Exercise instructions:
Transcribe exactly the line with "Genuine LODGE USA" and each line that follows it in the listing, down to the last, omitting all pictures.

Task inputs:
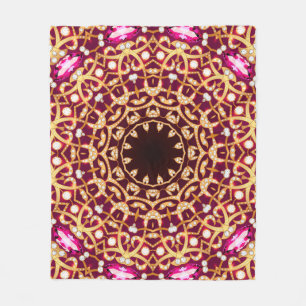 Mandala Brooch, geometrischer Vintager Hintergrund Fleecedecke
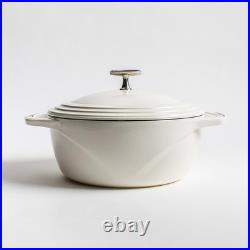 Genuine LODGE USA Enamel Cast Iron Dutch Oven US Made -Cloud Nine White 7.5 Qt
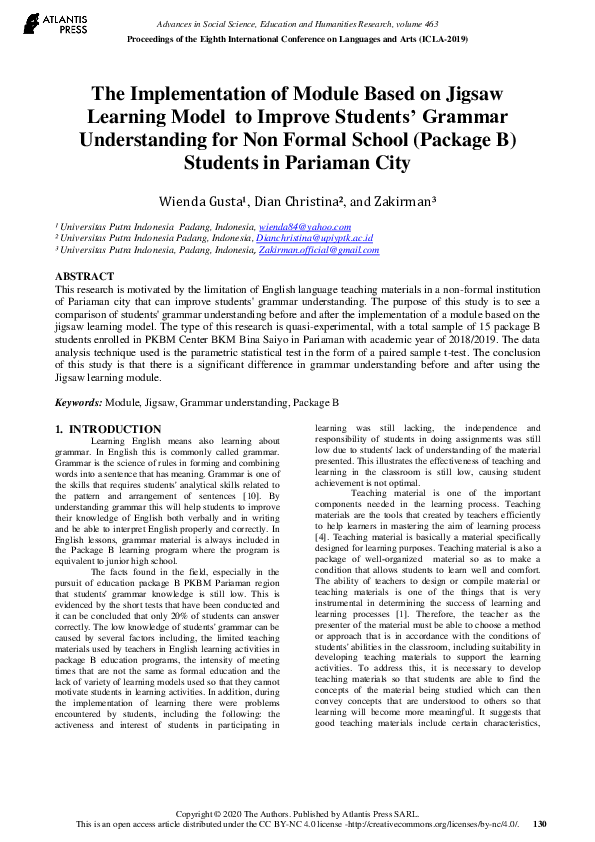 The Implementation of Module Based on Jigsaw Learning Model to Improve ...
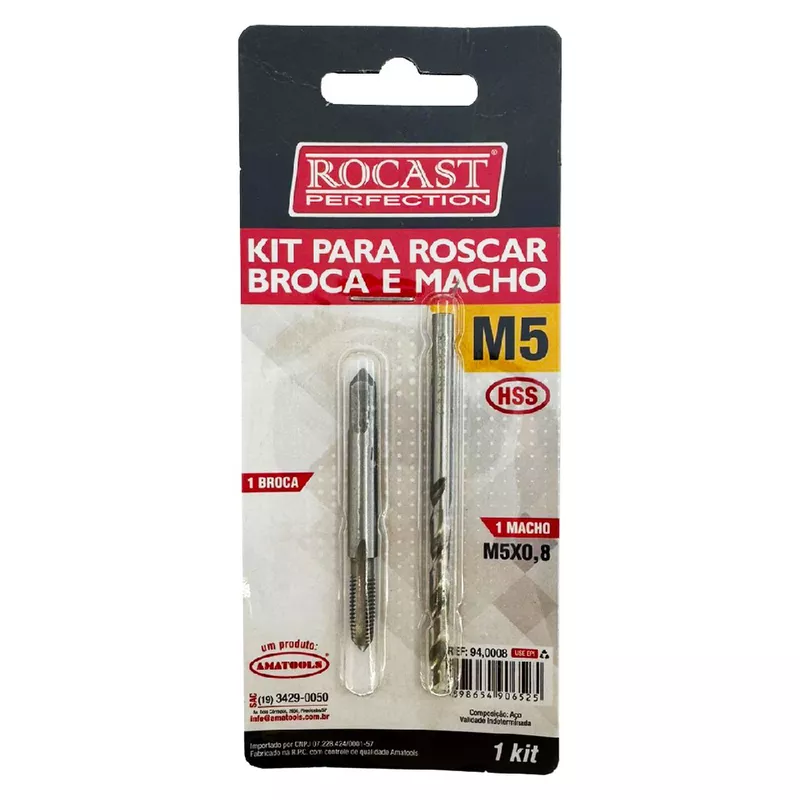 Kit Para Roscar Broca e Macho HSS M5 x 0,8mm (94,0008) - Rocast | Ritec ...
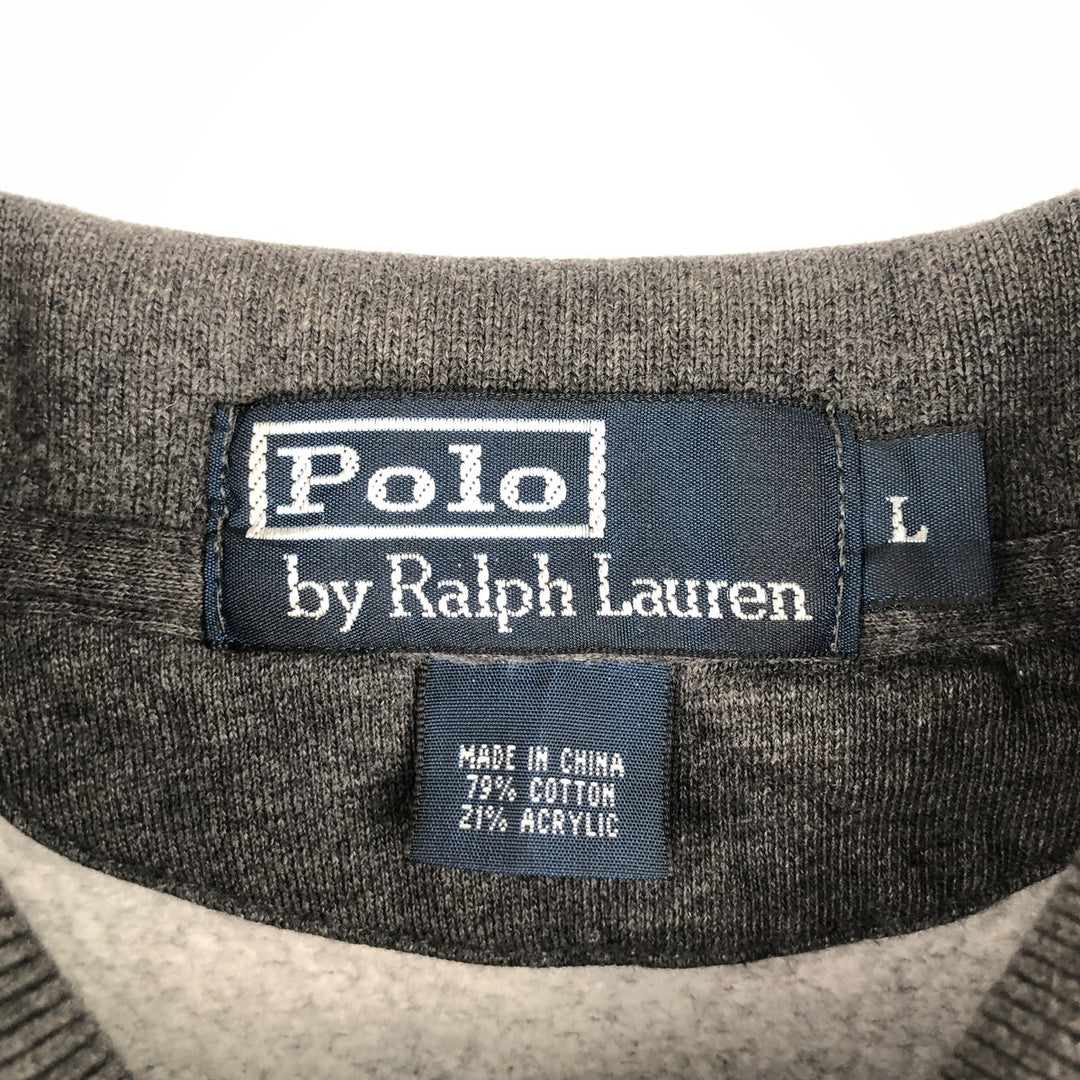 Ralph Lauren POLO by Ralph Lauren CUSTOM FIT long sleeve polo shirt, men's size L cotton Charcoal Vintage Second Hand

Written solution:
 Genuine LODGE USA Enamel Cast Iron Dutch Oven US Made -Cloud Nine White 7.5 Qt
 The Implementation of Module Based on Jigsaw Learning Model to Improve ...
 Kit Para Roscar Broca e Macho HSS M5 x 0,8mm (94,0008) - Rocast | Ritec ...
 Ralph Lauren POLO by Ralph Lauren CUSTOM FIT long sleeve polo shirt, men's size L cotton Charcoal Vintage Second Hand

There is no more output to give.